[[ Extracted information open ]]

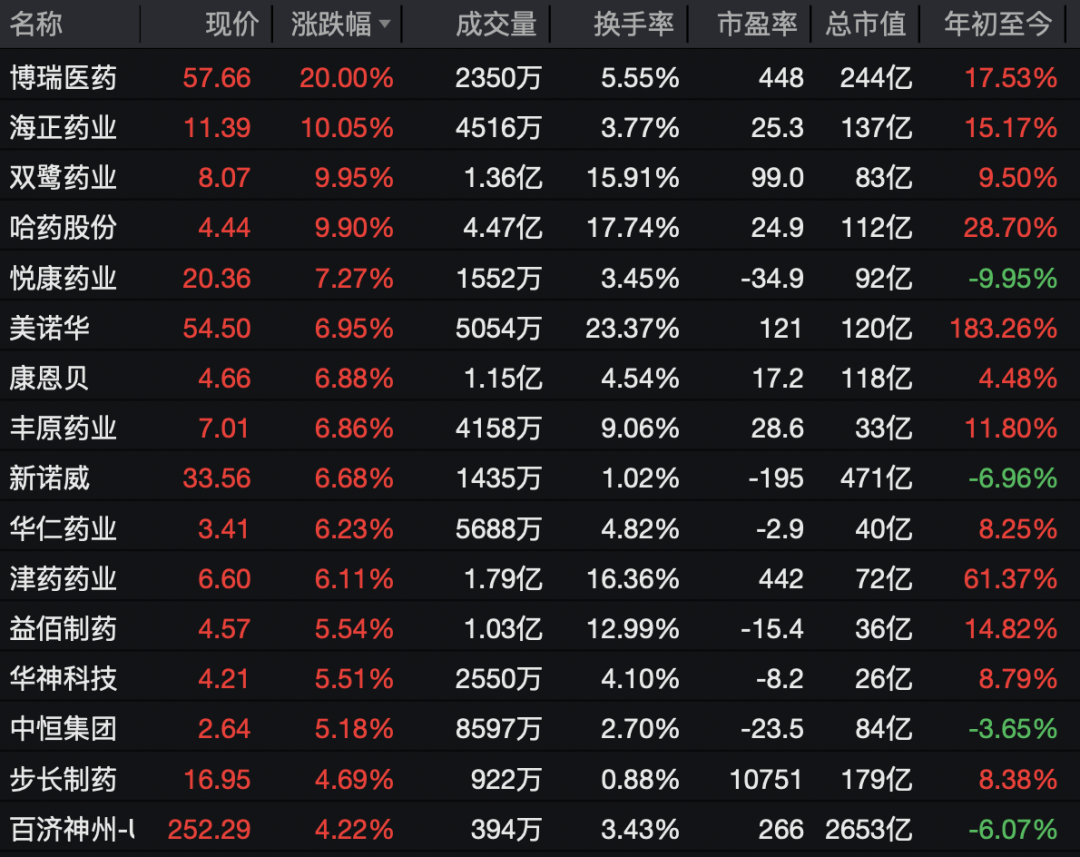 600267，直线拉涨停！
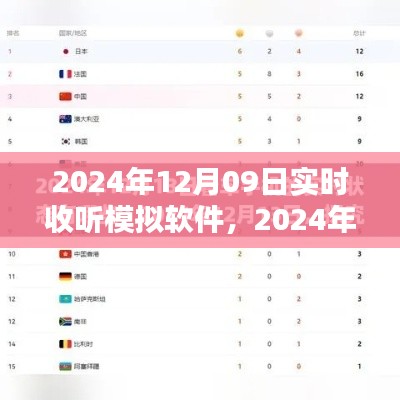 开启智能收听新纪元,2024年实时收听模拟软件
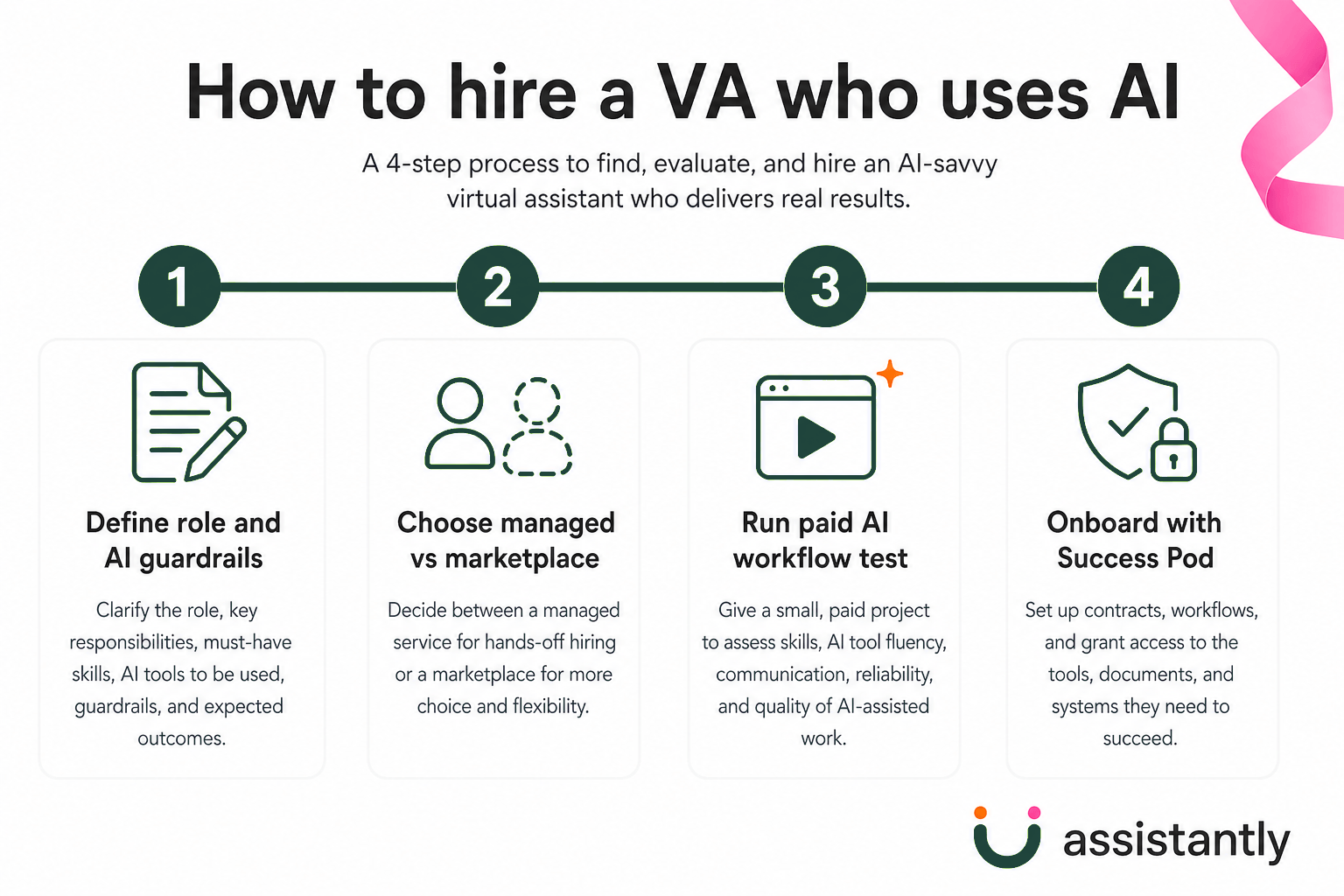 Four-step guide to hiring a virtual assistant who uses AI: define role, choose channel, run AI test, onboard with Success Pod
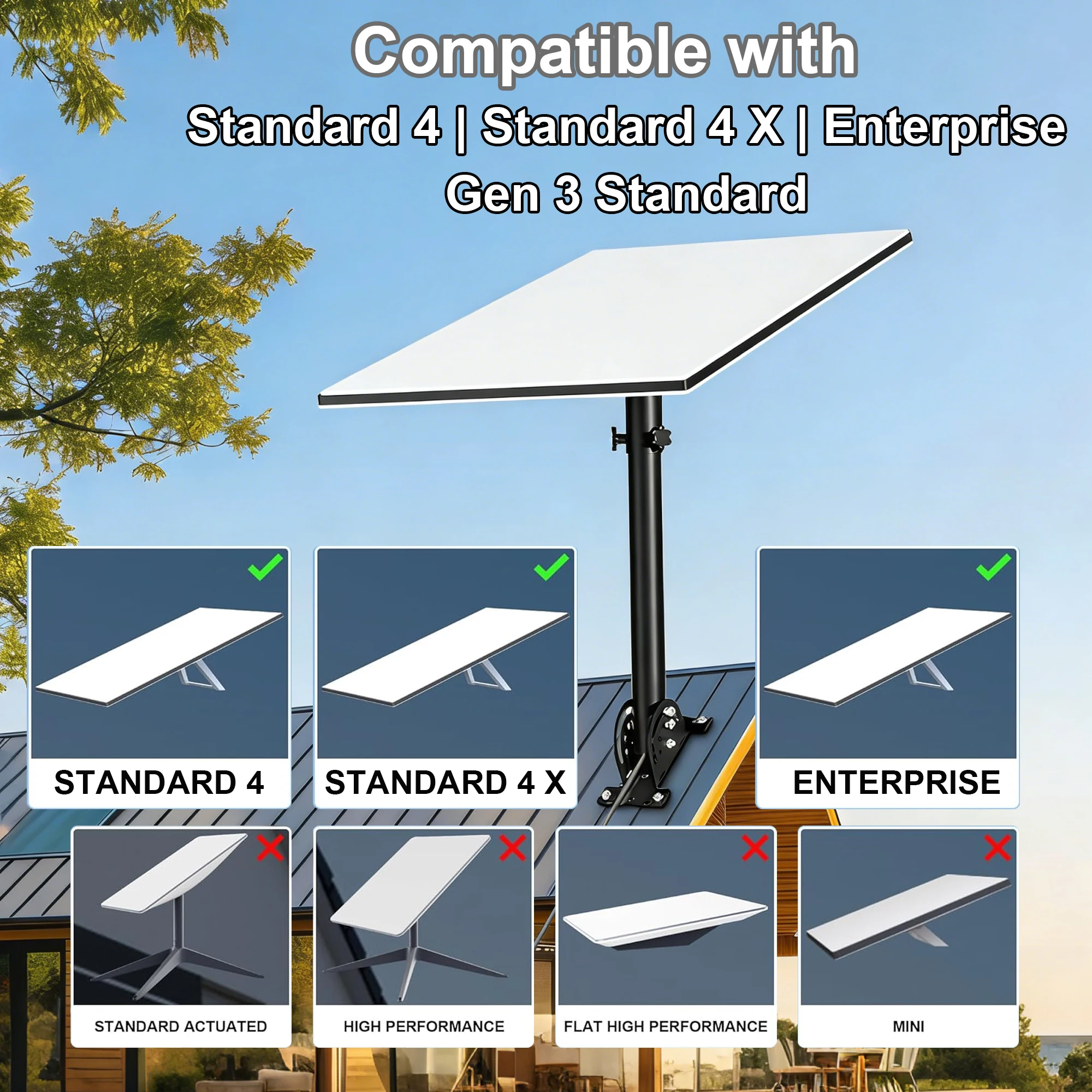 Starlink Gen 3 Roof Mount,160° Adjustable Tilt,Heavy-Duty Pivot Wall Pole Mounting,for Standard 4/ Standard 4X/ Enterprise Dish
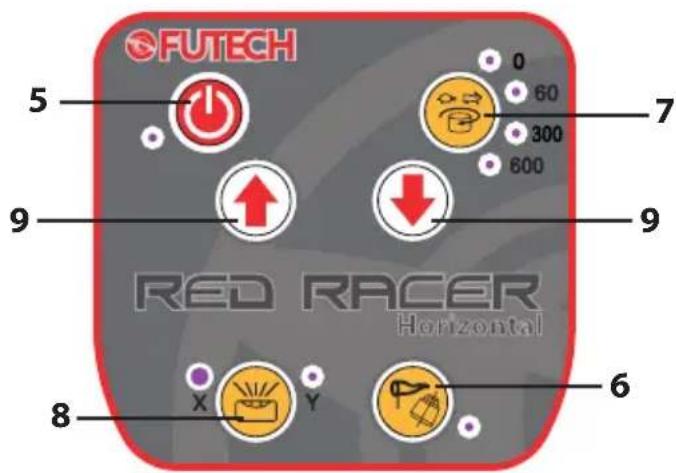 FUTECH Red Racer - Buttons control Panel - 1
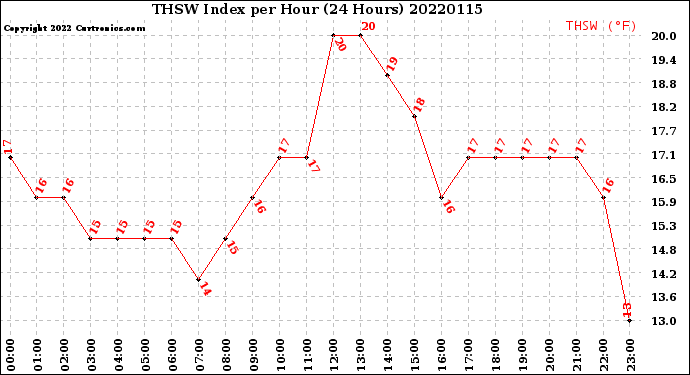 Milwaukee Weather THSW Index<br>per Hour<br>(24 Hours)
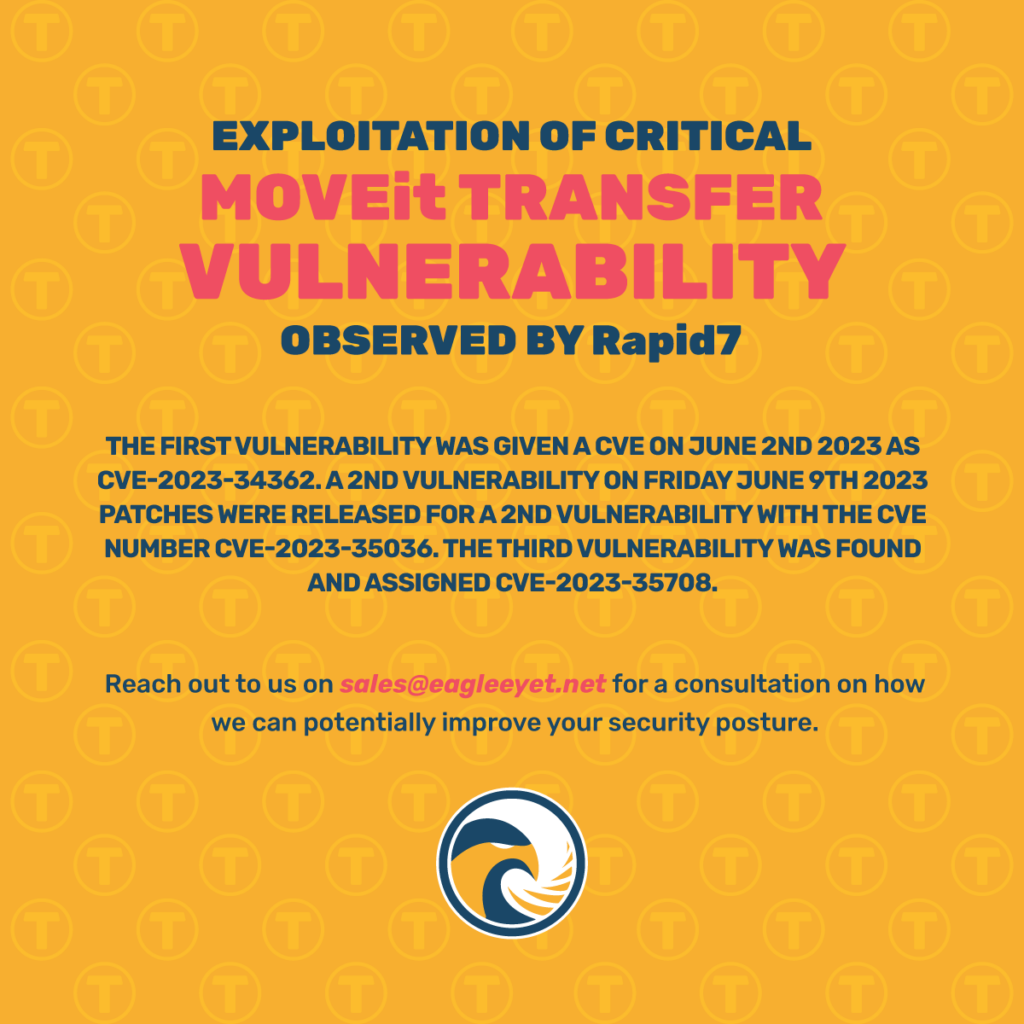 Exploitation of Critical MOVEit Transfer Vulnerability Observed By Rapid7
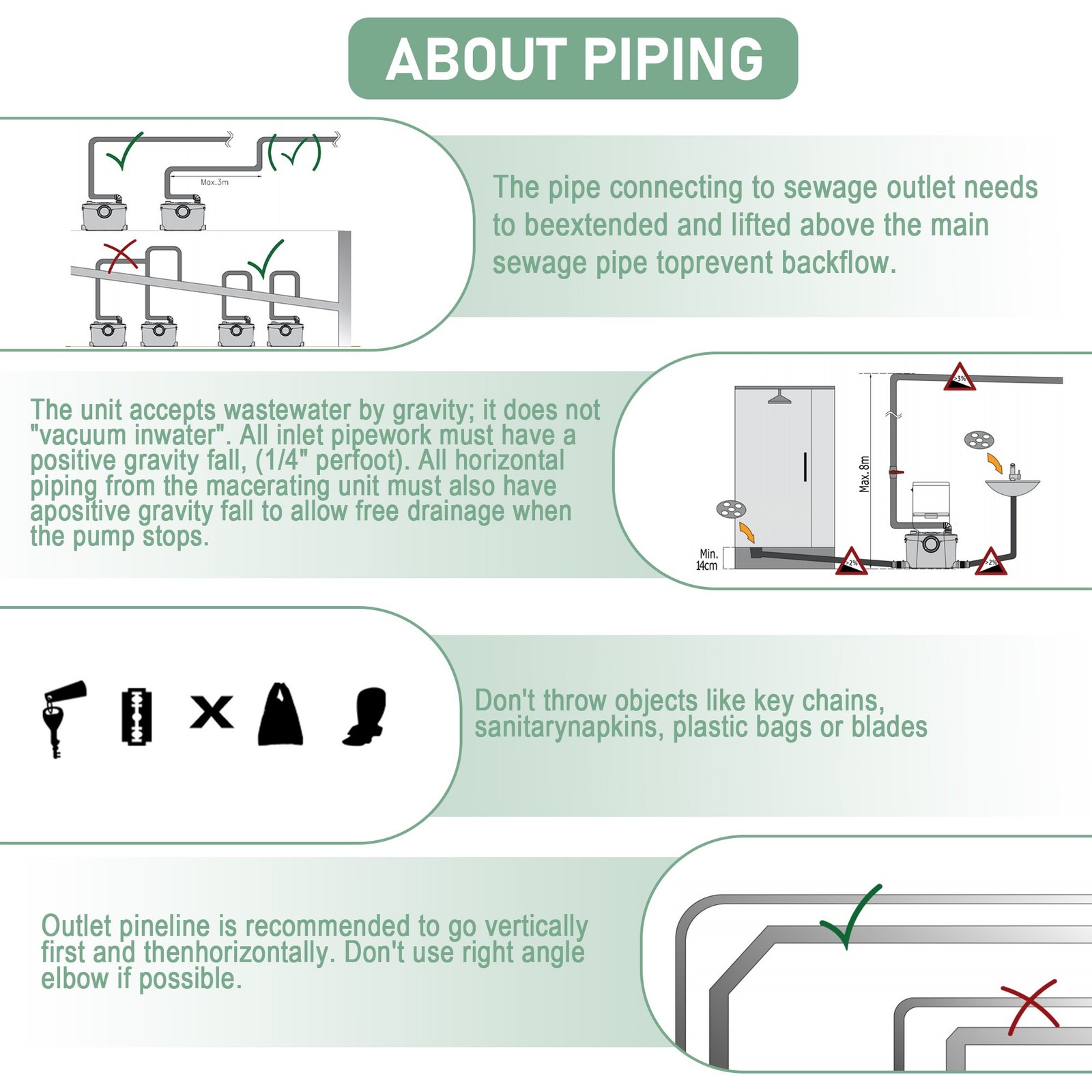 750W Macerating Toilet System Upflush Toilet with Pump 4 Inlets for Basement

[[ Extracted information closed ]]

Exercise instructions
Above are some records. Output exactly the lines from the one that contains "Starlink Gen 3" to the one that contains "Exploitation of Critical", keeping both, and omit the pictures.

Response area
 Starlink Gen 3 Roof Mount,160° Adjustable Tilt,Heavy-Duty Pivot Wall Pole Mounting,for Standard 4/ Standard 4X/ Enterprise Dish
 FUTECH Red Racer - Buttons control Panel - 1
 Milwaukee Weather THSW Index<br>per Hour<br>(24 Hours)
 Exploitation of Critical MOVEit Transfer Vulnerability Observed By Rapid7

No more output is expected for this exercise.